══ THE DATA
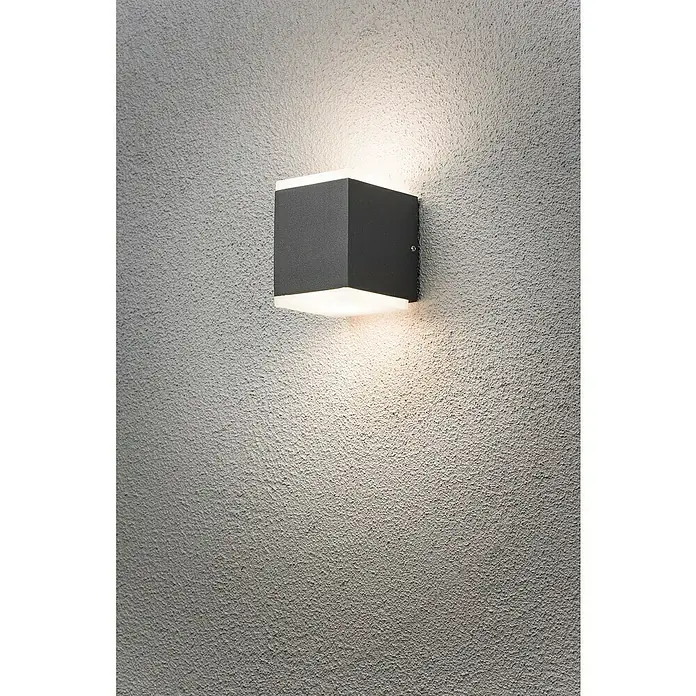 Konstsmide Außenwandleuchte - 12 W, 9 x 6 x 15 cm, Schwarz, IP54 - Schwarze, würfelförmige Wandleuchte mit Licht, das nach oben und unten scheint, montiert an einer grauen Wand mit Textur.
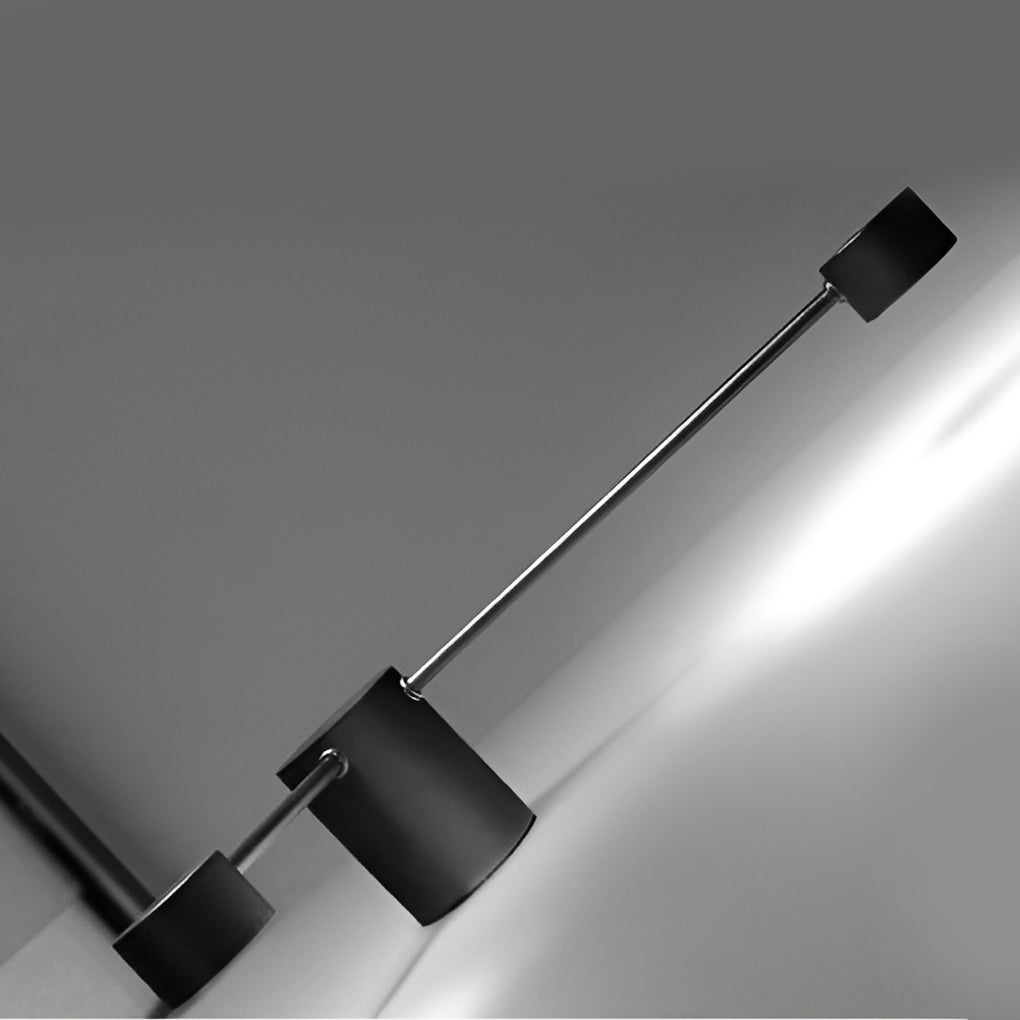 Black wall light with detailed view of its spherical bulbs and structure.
════
══ THE DATA
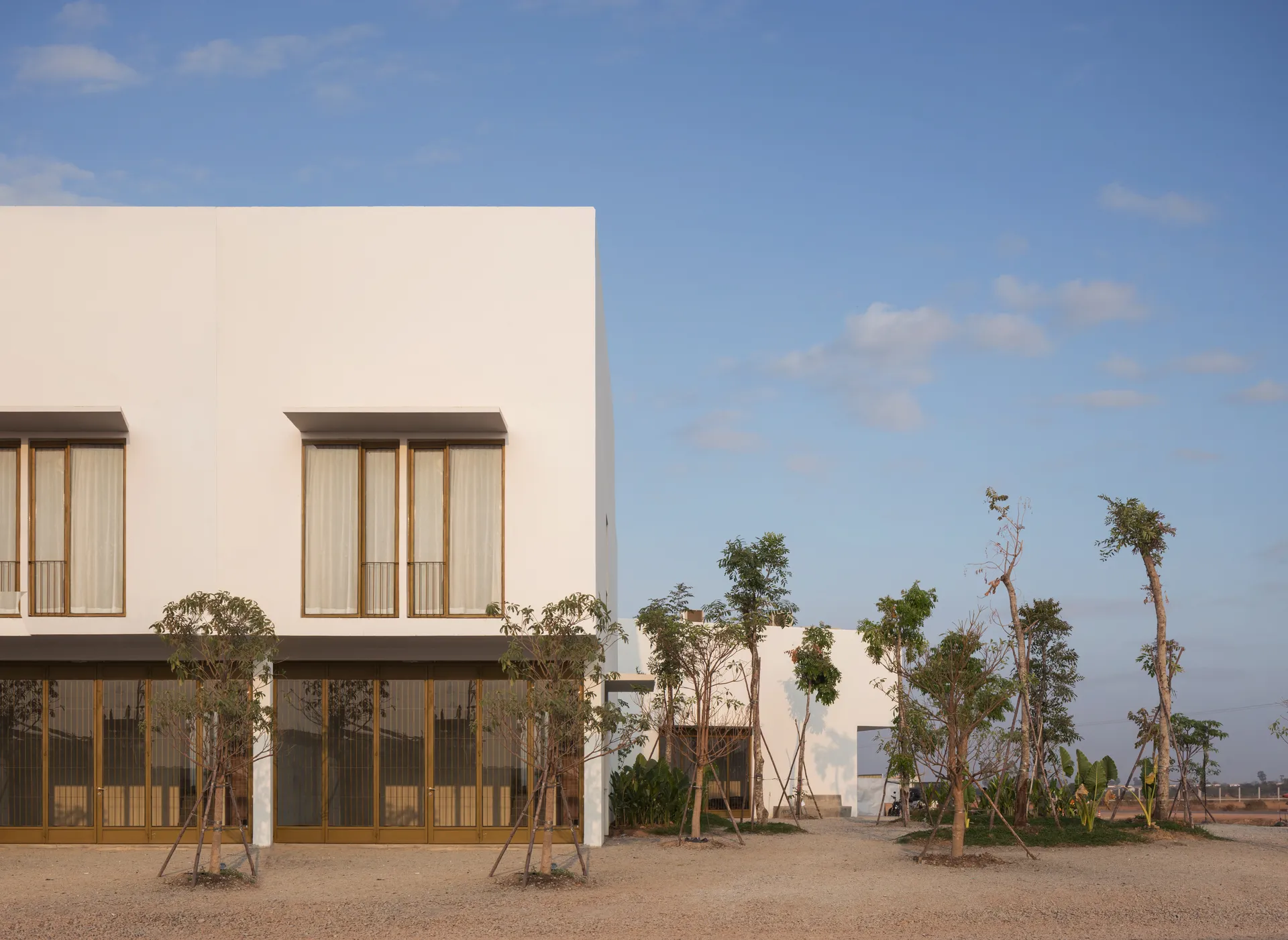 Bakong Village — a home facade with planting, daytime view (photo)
════
TASK: Each line above that falls between the line with "Konstsmide Außenwandleuchte - 12" and the line with "Black wall light" should be printed exactly, together with those two lines, but the pictures should not.

WRITTEN RESPONSE:
 Konstsmide Außenwandleuchte - 12 W, 9 x 6 x 15 cm, Schwarz, IP54 - Schwarze, würfelförmige Wandleuchte mit Licht, das nach oben und unten scheint, montiert an einer grauen Wand mit Textur.
 Black wall light with detailed view of its spherical bulbs and structure.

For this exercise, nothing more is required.